WHAT TO PRODUCE —
Repeat the listing word for word, but skip any pictures.

#####

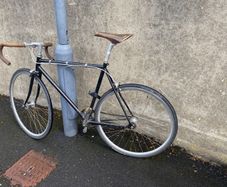 Fuji Feather size M/L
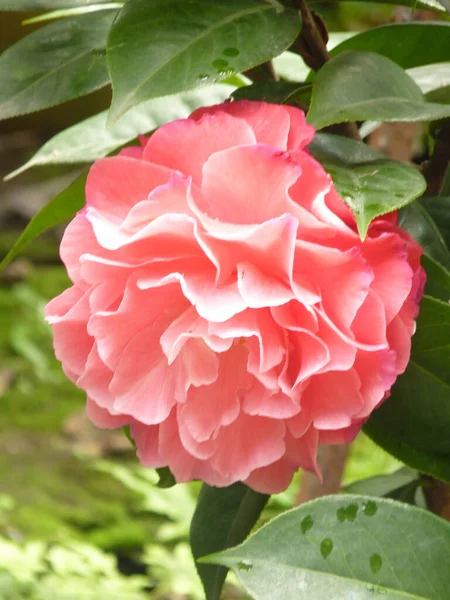 Pionowe Zbliżenie Strzał Pięknej Różowej Camellia Ogrodzie — Zdjęcie stockowe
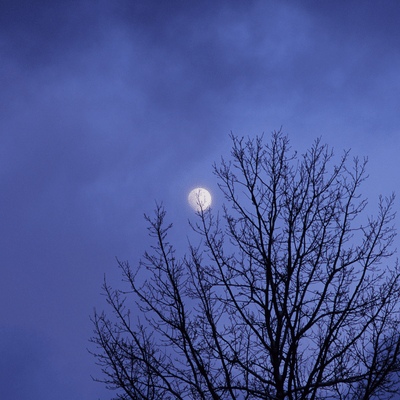 Misty Night Front Cover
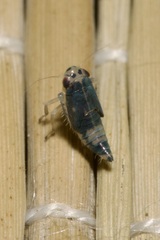 Macrosteles variatus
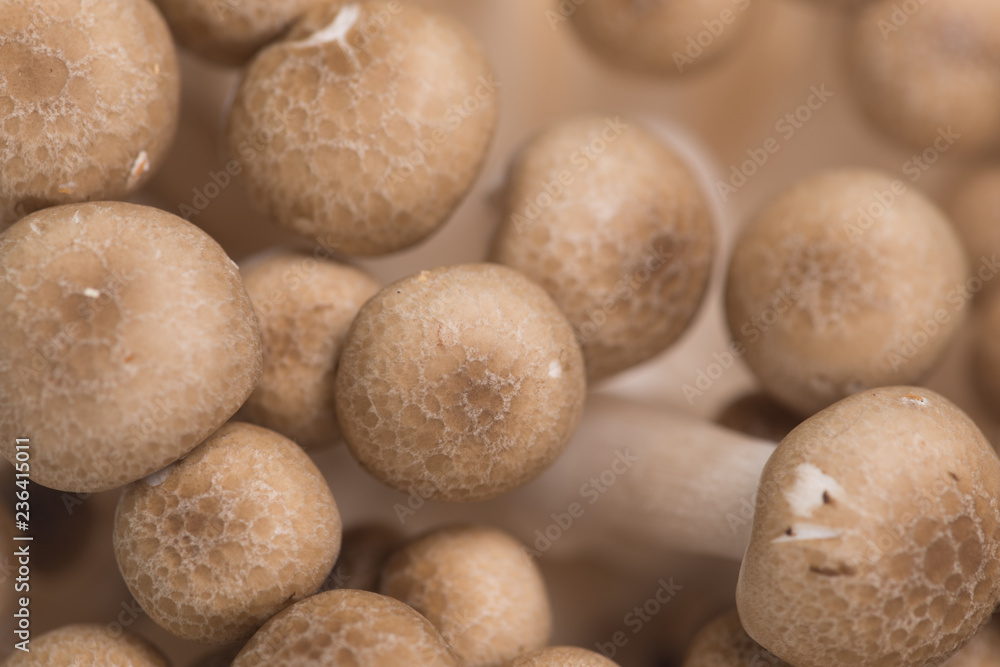 Brown beech mushrooms or Shimeji mushroom on white background Brown beech mushrooms or Shimeji mushroom on white background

#####

WRITTEN SOLUTION —
 Fuji Feather size M/L
 Pionowe Zbliżenie Strzał Pięknej Różowej Camellia Ogrodzie — Zdjęcie stockowe
 Misty Night Front Cover
 Macrosteles variatus
 Brown beech mushrooms or Shimeji mushroom on white background Brown beech mushrooms or Shimeji mushroom on white background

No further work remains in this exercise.